▶ **ASSIGNMENT**
Restate word for word the entries below, starting with the line with "Fototapeta bambusy 3267" and continuing through the line with "Van Rijnesteinlaan 11 Renswoude thumbnail 62". Include both of those lines and no others.

▶ **DATA RECORDS**
*****
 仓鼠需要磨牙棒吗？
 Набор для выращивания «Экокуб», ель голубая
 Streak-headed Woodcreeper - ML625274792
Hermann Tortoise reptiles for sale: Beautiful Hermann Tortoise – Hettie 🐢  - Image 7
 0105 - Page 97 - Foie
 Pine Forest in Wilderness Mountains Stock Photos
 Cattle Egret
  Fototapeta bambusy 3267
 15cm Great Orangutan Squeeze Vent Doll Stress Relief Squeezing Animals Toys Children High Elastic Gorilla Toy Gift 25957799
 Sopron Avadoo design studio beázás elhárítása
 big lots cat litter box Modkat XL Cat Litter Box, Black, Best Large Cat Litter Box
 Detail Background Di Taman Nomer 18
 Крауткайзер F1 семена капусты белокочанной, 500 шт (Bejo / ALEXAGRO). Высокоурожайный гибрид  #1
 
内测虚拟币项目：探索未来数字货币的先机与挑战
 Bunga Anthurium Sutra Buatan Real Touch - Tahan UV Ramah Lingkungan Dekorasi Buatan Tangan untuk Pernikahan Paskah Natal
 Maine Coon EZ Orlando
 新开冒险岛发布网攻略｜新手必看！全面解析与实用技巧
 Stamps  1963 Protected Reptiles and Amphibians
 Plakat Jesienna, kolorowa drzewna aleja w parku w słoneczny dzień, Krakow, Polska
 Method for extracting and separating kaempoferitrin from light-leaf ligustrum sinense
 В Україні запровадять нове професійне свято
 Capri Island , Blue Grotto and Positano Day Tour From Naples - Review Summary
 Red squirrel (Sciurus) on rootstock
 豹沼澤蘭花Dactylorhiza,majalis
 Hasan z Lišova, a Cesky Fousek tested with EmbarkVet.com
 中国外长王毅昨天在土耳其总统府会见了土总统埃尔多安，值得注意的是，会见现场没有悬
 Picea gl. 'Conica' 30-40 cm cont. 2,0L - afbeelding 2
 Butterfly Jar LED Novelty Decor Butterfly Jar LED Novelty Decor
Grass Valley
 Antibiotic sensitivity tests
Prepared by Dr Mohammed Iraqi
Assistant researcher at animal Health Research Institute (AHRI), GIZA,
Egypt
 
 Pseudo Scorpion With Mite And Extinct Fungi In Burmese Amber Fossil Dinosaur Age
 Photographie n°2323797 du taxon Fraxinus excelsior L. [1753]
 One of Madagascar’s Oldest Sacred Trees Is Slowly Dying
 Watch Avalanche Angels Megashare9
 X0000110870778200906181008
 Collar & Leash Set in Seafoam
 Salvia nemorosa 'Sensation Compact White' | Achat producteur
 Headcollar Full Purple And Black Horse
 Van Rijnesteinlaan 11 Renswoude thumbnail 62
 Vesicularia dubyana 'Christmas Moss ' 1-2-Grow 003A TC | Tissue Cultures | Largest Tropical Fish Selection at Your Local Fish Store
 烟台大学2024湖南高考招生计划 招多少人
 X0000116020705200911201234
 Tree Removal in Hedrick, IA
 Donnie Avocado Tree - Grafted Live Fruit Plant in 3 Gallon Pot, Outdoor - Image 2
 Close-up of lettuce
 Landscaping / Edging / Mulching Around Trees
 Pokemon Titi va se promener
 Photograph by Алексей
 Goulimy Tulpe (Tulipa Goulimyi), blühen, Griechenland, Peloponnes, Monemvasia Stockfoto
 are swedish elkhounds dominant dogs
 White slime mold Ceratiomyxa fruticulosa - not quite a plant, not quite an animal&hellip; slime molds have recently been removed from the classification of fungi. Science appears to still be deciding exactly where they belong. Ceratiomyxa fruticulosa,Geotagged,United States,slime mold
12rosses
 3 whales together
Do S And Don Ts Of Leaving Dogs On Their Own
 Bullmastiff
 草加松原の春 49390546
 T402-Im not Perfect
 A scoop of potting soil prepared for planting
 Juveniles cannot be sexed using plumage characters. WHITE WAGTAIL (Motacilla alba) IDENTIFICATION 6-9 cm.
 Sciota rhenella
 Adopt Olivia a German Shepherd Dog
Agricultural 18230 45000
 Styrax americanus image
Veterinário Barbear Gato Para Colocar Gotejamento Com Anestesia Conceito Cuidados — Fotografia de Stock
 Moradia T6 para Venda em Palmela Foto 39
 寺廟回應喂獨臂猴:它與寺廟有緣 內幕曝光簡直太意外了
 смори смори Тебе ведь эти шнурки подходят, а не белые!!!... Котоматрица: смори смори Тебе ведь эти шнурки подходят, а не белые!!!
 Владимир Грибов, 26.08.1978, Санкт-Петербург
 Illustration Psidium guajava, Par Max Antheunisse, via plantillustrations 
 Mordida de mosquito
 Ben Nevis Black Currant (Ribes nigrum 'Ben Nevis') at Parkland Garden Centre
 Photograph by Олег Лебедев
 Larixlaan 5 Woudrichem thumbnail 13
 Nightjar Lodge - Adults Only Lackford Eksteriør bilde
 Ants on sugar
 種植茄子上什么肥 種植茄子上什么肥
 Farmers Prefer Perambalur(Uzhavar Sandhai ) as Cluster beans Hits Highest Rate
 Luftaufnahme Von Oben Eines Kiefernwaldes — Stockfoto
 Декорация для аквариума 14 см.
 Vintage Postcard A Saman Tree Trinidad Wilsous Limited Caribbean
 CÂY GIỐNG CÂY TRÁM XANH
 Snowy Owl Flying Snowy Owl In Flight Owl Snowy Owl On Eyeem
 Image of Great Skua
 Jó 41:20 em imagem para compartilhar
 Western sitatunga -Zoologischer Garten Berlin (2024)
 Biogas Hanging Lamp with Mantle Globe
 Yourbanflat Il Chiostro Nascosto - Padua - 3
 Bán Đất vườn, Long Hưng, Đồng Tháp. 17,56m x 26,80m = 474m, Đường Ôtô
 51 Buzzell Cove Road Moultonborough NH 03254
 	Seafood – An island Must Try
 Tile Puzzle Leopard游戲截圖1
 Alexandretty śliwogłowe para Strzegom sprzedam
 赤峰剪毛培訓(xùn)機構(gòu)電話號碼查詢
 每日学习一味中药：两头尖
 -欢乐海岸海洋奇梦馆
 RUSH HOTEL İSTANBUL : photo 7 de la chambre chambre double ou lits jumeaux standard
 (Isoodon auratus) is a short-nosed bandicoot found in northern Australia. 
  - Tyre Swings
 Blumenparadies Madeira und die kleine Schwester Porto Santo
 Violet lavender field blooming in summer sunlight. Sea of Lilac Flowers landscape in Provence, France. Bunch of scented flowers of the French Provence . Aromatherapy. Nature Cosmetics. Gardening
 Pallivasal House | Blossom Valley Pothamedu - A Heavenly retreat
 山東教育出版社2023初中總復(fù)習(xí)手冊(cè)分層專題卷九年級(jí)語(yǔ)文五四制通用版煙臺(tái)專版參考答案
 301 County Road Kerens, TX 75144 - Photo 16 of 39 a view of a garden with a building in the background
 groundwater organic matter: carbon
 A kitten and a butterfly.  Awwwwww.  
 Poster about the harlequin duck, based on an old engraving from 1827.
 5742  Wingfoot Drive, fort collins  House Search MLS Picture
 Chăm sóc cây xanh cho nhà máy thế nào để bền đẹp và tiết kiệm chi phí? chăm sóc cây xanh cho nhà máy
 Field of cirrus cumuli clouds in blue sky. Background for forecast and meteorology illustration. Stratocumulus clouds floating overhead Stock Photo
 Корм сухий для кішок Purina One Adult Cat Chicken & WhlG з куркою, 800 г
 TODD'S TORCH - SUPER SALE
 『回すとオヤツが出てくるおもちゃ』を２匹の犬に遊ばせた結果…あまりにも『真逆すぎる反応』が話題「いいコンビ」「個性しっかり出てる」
*****
▶ **EXERCISE RESULT**
  Fototapeta bambusy 3267
 15cm Great Orangutan Squeeze Vent Doll Stress Relief Squeezing Animals Toys Children High Elastic Gorilla Toy Gift 25957799
 Sopron Avadoo design studio beázás elhárítása
 big lots cat litter box Modkat XL Cat Litter Box, Black, Best Large Cat Litter Box
 Detail Background Di Taman Nomer 18
 Крауткайзер F1 семена капусты белокочанной, 500 шт (Bejo / ALEXAGRO). Высокоурожайный гибрид  #1
 
内测虚拟币项目：探索未来数字货币的先机与挑战
 Bunga Anthurium Sutra Buatan Real Touch - Tahan UV Ramah Lingkungan Dekorasi Buatan Tangan untuk Pernikahan Paskah Natal
 Maine Coon EZ Orlando
 新开冒险岛发布网攻略｜新手必看！全面解析与实用技巧
 Stamps  1963 Protected Reptiles and Amphibians
 Plakat Jesienna, kolorowa drzewna aleja w parku w słoneczny dzień, Krakow, Polska
 Method for extracting and separating kaempoferitrin from light-leaf ligustrum sinense
 В Україні запровадять нове професійне свято
 Capri Island , Blue Grotto and Positano Day Tour From Naples - Review Summary
 Red squirrel (Sciurus) on rootstock
 豹沼澤蘭花Dactylorhiza,majalis
 Hasan z Lišova, a Cesky Fousek tested with EmbarkVet.com
 中国外长王毅昨天在土耳其总统府会见了土总统埃尔多安，值得注意的是，会见现场没有悬
 Picea gl. 'Conica' 30-40 cm cont. 2,0L - afbeelding 2
 Butterfly Jar LED Novelty Decor Butterfly Jar LED Novelty Decor
Grass Valley
 Antibiotic sensitivity tests
Prepared by Dr Mohammed Iraqi
Assistant researcher at animal Health Research Institute (AHRI), GIZA,
Egypt
 
 Pseudo Scorpion With Mite And Extinct Fungi In Burmese Amber Fossil Dinosaur Age
 Photographie n°2323797 du taxon Fraxinus excelsior L. [1753]
 One of Madagascar’s Oldest Sacred Trees Is Slowly Dying
 Watch Avalanche Angels Megashare9
 X0000110870778200906181008
 Collar & Leash Set in Seafoam
 Salvia nemorosa 'Sensation Compact White' | Achat producteur
 Headcollar Full Purple And Black Horse
 Van Rijnesteinlaan 11 Renswoude thumbnail 62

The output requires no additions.